Monday, 28 September 2015

English Magic at New Art Projects

English Magic – New Art Projects 18 July – 23 August 2015

English Magic is the title of the first show at Fred Mann’s New Art Projects gallery. Magic is about misdirection and there are so many threads invoked by the title that it is hard to know where to look. If Mann is a conjuring impresario then perhaps painting is where he doesn’t want us to look. English magic implies a form of stagecraft that works well as an analogy for painting. The difference being that when the trick works, painting, through triggering transcendence, actually is magic. The magic though, is not something the painter entirely controls or is even able to identify when it emerges. Instead, the artist must create each piece without second guessing its ability to cast a spell.

The exhibition is described as four solo shows and visitors find these in a series of surprisingly airy basement rooms. Descending the stairs massed ranks of sideshow characters fill the room in a manner reminiscent of the Emperor’s Terracotta Army or Charles Fort’s March of the Damned. By collecting reports of uncanny events Fort invented the contemporary idea of the supernatural. James E. Crowther has devoted his craft towards summoning a swathe of freaks each cut from mdf and rendered in a seductive Sergeant Pepper’s playbill style. In amongst these effigies of Victoriana are a few jarringly contemporary figures and it is here that the specificity of magic occurs and Crowther’s voice begins to murmur.

Sarah Sparkes has created a series of unsettling vistas from the suburban greenbelt. This sense of unease is most apparent when we are presented with a glimpse through or between. We are lurking, looking on having found ourselves in the lush back garden of a sixties estate house. The landscapes are deadpan-acrylic on wallpaper with the claustrophobia of an adolescent’s bedroom. The words Never Afraid (the name of a local giant) are applied in glittered text on each piece. Just who is it that should be afraid? The householder or the viewer? Here then, a particularly strong form of English magic is found. Like a sublime sense of fear, magic is something triggered by witnessing. In the art world it is a quality of “selving” that painting is unique in offering us as observers.
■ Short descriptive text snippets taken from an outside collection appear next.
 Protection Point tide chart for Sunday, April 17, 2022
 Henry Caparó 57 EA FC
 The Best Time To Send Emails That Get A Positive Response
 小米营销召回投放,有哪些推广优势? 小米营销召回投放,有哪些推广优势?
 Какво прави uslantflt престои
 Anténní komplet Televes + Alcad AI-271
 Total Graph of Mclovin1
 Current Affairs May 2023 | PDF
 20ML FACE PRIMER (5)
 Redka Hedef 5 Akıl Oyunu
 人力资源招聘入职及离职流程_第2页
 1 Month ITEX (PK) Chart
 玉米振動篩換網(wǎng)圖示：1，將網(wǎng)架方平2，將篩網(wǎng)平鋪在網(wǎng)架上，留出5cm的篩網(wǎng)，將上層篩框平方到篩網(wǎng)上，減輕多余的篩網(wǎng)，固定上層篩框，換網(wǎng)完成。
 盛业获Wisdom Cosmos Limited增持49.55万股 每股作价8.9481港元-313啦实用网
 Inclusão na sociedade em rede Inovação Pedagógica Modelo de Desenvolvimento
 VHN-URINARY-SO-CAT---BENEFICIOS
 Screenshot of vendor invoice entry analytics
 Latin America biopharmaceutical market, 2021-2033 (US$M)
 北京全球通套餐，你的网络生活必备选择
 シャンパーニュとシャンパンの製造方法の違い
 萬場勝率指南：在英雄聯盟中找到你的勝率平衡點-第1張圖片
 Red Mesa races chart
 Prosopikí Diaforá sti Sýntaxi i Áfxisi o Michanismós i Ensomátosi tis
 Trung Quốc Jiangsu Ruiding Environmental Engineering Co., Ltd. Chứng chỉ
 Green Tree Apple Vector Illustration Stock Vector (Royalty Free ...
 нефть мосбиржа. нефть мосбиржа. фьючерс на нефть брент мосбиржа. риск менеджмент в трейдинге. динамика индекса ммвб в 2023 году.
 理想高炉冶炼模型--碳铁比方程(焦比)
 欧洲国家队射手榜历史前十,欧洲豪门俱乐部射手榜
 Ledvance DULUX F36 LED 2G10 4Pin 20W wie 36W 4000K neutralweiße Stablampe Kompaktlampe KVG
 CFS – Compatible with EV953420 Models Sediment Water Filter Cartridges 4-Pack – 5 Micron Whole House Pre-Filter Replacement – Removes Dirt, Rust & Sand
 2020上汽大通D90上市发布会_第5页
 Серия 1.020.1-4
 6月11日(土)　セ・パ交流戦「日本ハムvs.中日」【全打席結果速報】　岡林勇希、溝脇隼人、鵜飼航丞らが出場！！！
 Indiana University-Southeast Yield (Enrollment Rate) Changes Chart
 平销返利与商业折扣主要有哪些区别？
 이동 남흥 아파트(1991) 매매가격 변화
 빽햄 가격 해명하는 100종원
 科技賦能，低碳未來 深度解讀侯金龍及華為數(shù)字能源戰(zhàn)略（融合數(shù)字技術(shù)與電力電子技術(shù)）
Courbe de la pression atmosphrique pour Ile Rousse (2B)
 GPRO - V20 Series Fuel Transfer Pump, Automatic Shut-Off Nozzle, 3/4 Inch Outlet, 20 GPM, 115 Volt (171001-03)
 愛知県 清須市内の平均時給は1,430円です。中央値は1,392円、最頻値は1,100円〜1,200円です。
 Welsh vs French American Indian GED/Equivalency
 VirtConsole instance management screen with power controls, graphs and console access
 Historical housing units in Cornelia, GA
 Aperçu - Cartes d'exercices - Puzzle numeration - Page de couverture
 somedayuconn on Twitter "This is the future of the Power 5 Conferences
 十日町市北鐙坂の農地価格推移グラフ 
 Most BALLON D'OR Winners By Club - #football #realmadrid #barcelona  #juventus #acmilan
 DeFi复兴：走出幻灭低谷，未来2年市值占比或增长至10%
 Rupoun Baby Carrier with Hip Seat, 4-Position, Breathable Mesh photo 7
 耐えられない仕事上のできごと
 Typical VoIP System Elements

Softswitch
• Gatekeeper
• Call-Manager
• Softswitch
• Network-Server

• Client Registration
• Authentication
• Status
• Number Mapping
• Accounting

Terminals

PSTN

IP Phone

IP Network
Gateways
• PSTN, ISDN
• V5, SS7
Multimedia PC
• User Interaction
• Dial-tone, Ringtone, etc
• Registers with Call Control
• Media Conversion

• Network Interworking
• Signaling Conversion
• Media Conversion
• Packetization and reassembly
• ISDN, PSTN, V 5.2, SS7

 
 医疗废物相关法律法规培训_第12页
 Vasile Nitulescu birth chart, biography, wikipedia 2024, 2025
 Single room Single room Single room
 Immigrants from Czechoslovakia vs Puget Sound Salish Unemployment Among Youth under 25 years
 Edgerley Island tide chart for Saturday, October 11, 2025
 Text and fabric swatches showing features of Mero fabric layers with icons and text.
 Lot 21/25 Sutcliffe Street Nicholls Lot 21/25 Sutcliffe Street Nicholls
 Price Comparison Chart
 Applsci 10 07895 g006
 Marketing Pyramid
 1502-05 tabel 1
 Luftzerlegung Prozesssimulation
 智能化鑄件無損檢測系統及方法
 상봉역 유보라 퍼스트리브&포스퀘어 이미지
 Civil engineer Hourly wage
Scale is often a career defining decision for a magician and finding the size that enables the trick to resonate with an audience can be key. All the artists here are working at a small scale, which could be telling us we are dealing, once again, with content. Whisper it but these works are the size of illustrations and not the architectural structure of formalist process. Of all the artists Geraldine Swayne’s work is where the affect of scale is most transformative. Swayne is a rarity in that she has a dexterity of handling normally found only in genre-based exhibitions where competence is rewarded. That she points this at a seamy life immersed in the liminal world of art and music is her reveal. By reducing the size to smaller than a postcard her virtuosity of handling becomes amplified rather than diminished. Showing fewer would have allowed us to go towards each one. Instead, the sheer number of images means that one has to work harder to experience a reverential hush.


Fergus Hare has the clearest art-historical link to a Neo-romantic English kind of magic. His chosen motif of the moon illuminates a direct passage to the ethereal realm of Samuel Palmer’s cocooning countryside. Hare’s work is as much an essay in the alchemy of ostensibly traditional painting techniques (glazing, scumbling, al la prima) and their ability to summon up a fleeting glimpse of wonder as it is about the history of English painting’s connection to the spiritual essence of landscape. Standing before his nocturnal scenes one is reminded of the ever-receding possibility, in a digital age, of escaping context when gazing up at the night sky. Like all good magic there is an element of risk to Hare’s work because the moon itself has always been an immutable symbol right from when it was first witnessed. To make the moon reappear as object of wonder is the show’s finale.